今日は『「利他」とは何か』を読みました。面白くてあっという間に読んでしまいました。伊藤亜紗、中島岳志、若松英輔、國分功一郎、磯崎憲一郎の共著です。新書。

「利他」「ケア」「贈与」と、気になるワードがたくさん。デヴィッド・グレーバーも引かれています。そもそもなぜ「利他」なんでしょう。はじめに、のところで、パンデミックを乗り越えるためのキーワードとして、「利他主義」が挙げられていると語られています。「他者の為に生きる」という人間の本質にたちかえらなければいけない、と。

私自身といえば、「他者の為に生きる」というようなことはなんだか偽善的な気がして、あまり好きではありません。本書でも繰り返し出てきますが、「利他」は、押しつけになったり、実は利己的な目的だったり、相手にとって負い目になったり、ということがつきまといます。それなしに実現するのであれば、とても良いことだと思っています。それはどういうものなのか、どうしたら実現するのか、ヒントがあちこちに書かれています。

その他に、面白かったのが、ヒンディー語の「与格」というもの。

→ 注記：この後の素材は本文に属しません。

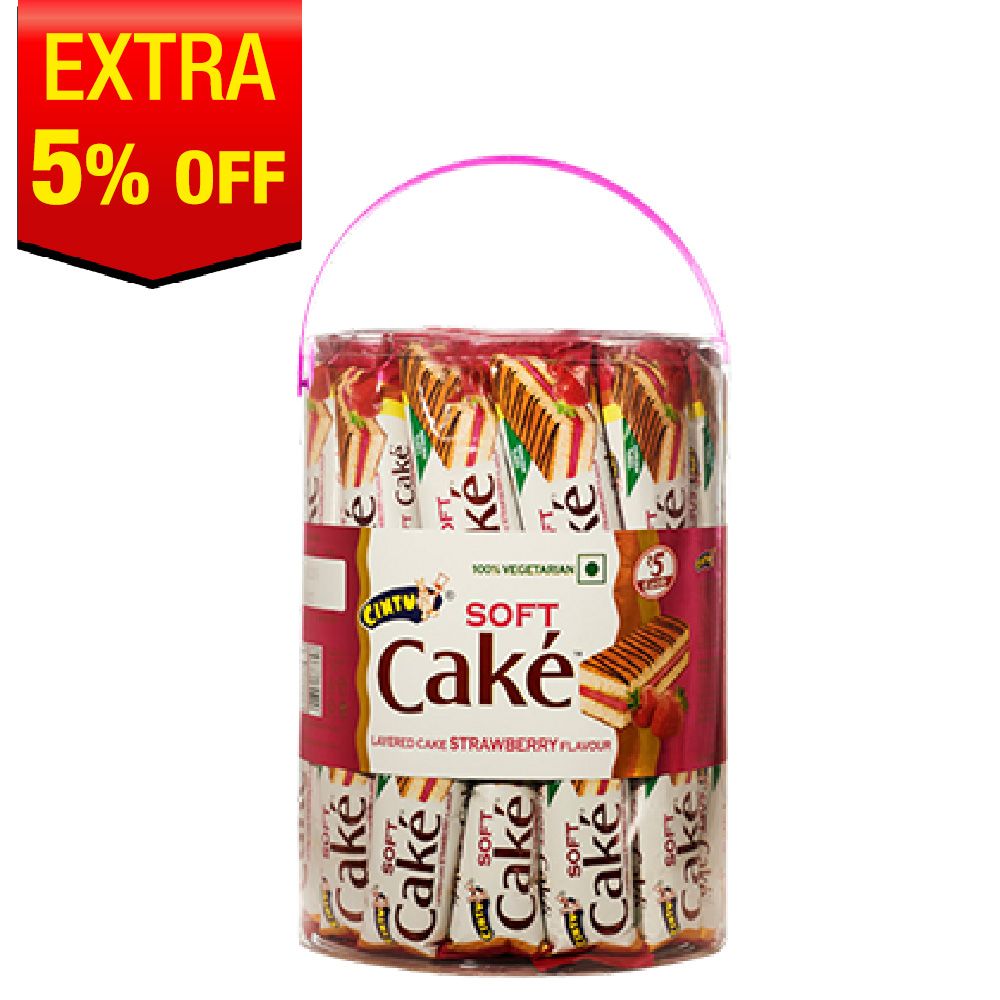 Cintu Soft Cake Jar - Strawberry, 850g (17g x 50pc)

「私はあなたを愛している」というのが、「私にあなたへの愛がやってきてとどまっている」という言い方をします。意志というものが常に存在しているわけではない、ということです。そんなことは考えもしなかった。近代的な自己という概念に囚われているからですね。

すごく刺激的な本でした。若松さんと國分さんのところが、多分よく理解できていませんが。

この本はこの間青山ブックセンターで、デヴィッドグレーバーのコーナーがあって、そこで見つけました。ありがたい。本屋の平台や棚の良いところはこういうところですね。

さて、そろそろ眠くなってきました。本日ご来店いただいた皆様、ありがとうございました。昨日とても静かな1日だったので、今日もそうかなあと思って少しぼんやりしていました。二日連続で静かな1日でなくて、良かった。元気が出ました。明日は金曜日。そして、週末土日は臨時休業します。SNSでも告知しますが、月曜日は営業はするのですが、パンがないので、トースト2種とポトフはおやすみします。そのほかのメニューは大丈夫です。ご迷惑をおかけしますが、よろしくお願いします。それではおやすみなさい。また明日。